If I have one major criticism of Gibson’s direction (despite his enthusiasm for the subject, which he would later put to use in Dracula AD 1972, and which shows incredible flair for one so inexperienced) it’s that once the murder has taken place and the ‘horror’ we crave as genre fans has reared (or, in Wyngardian speech, ‘leered’) its ugly head, the tension inherent in the dialogue that had festered over the previous forty minutes seems to slacken, and the pace seems to if not slow, then meander, particularly round the scenes set in Redgrave’s Battersea flat.

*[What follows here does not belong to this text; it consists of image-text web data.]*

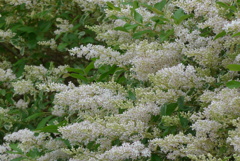 P1270261　綺麗な垣根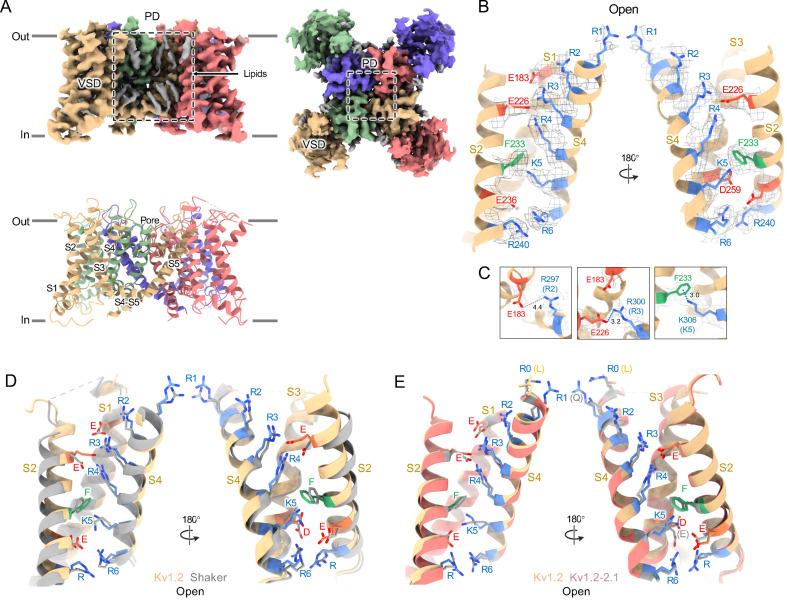 https://cdn.ncbi.nlm.nih.gov/pmc/blobs/54d1/11825129/0c2cc0aceecf/elife-89459-fig1.jpg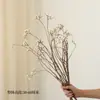 Frutas Brancas Pequenas Secas da Árvore Wujiao, Buquê de Flores, Galhos, Troncos de Árvores, Galhos e Frutas Secas para Decoração de Pousada, Arranjo Floral, Estilo Wabi-Sabi, Flores Naturais Secas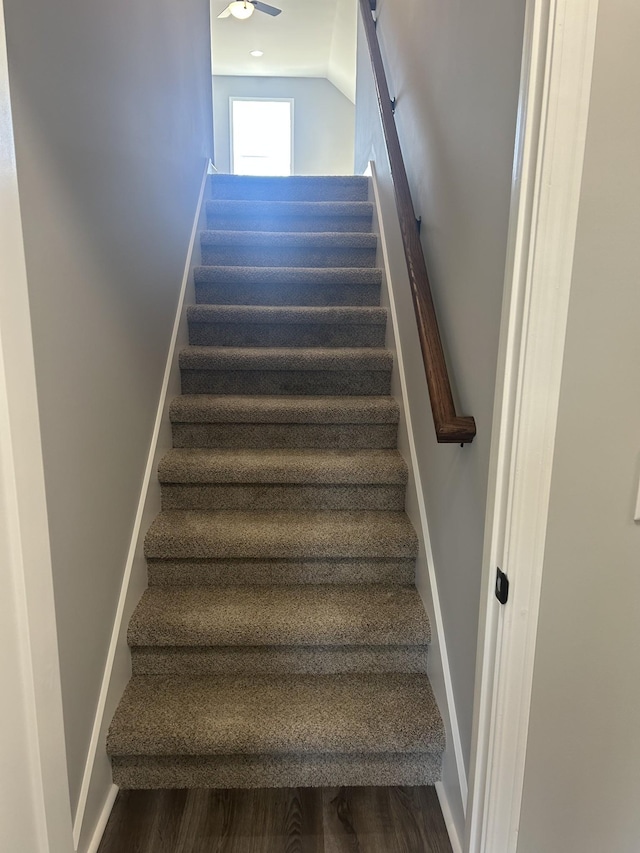 staircase featuring ceiling fan and wood-type flooring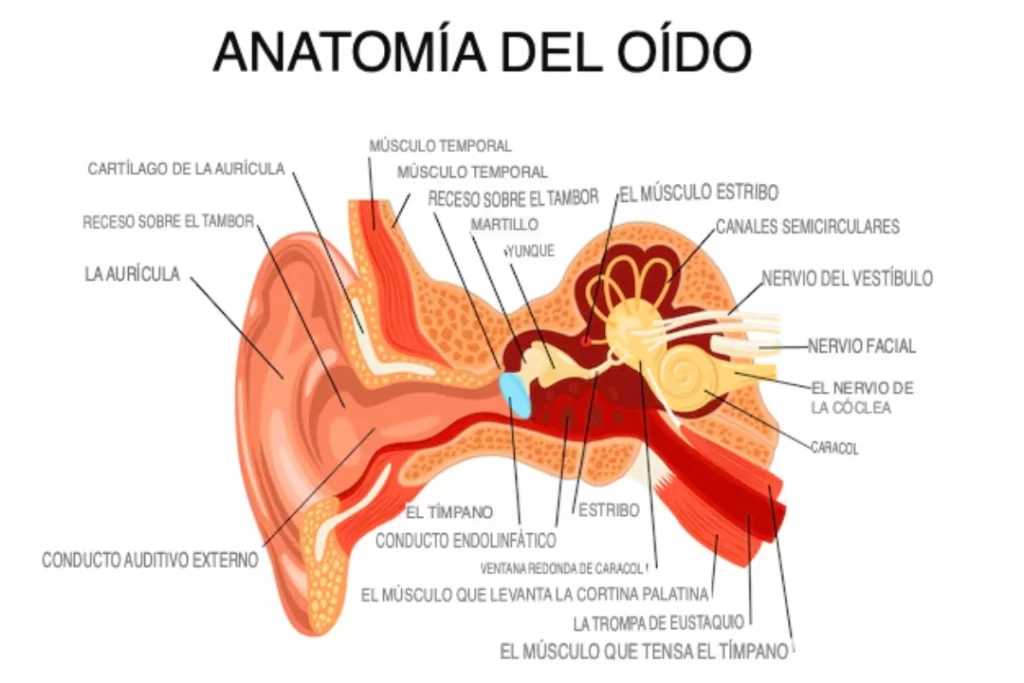 Audición 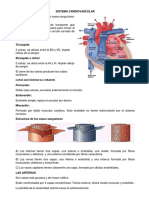 Sistema Cardiovascular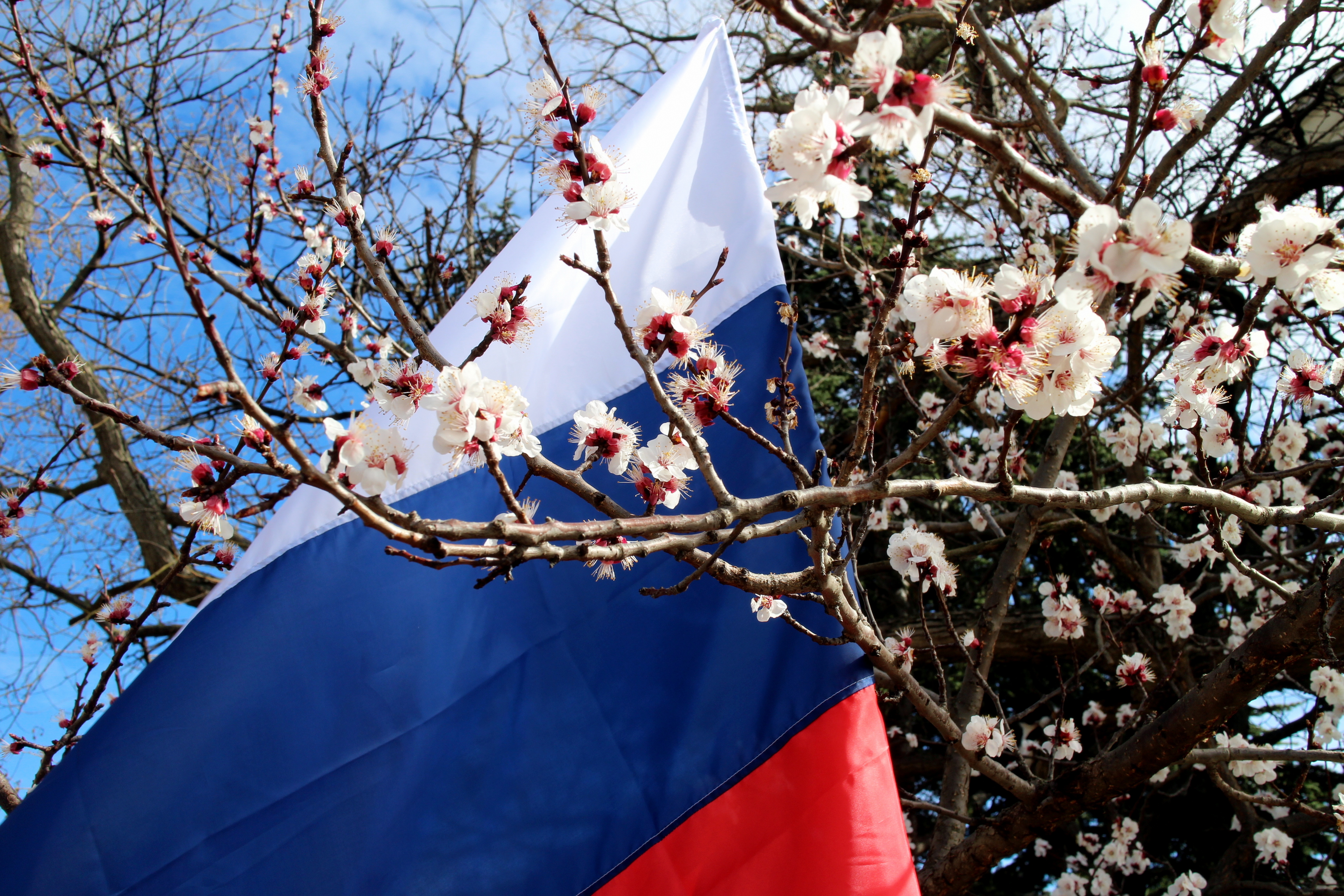 русская весна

Also, that taken from a distance, the events of the film (which unfold over less than a week) would not be, realistically, harrowing enough to drive one to the consequences shown in the final denouement. But then again, I’m not a psychopath, so I can’t say (mwohahahaha). But I wouldn’t let a minor few quibbles like that, put you off the experience of watching one of the most unusual, rewarding and hauntingly memorable films to have emerged from Britain’s urban horror boom of its classic 65-75 period. See it if you can. One day they may have the sense to release it and let people discover its charm- if not, there’s always SAW 250… Woes betide us.
This review is dedicated to Alexis Kanner.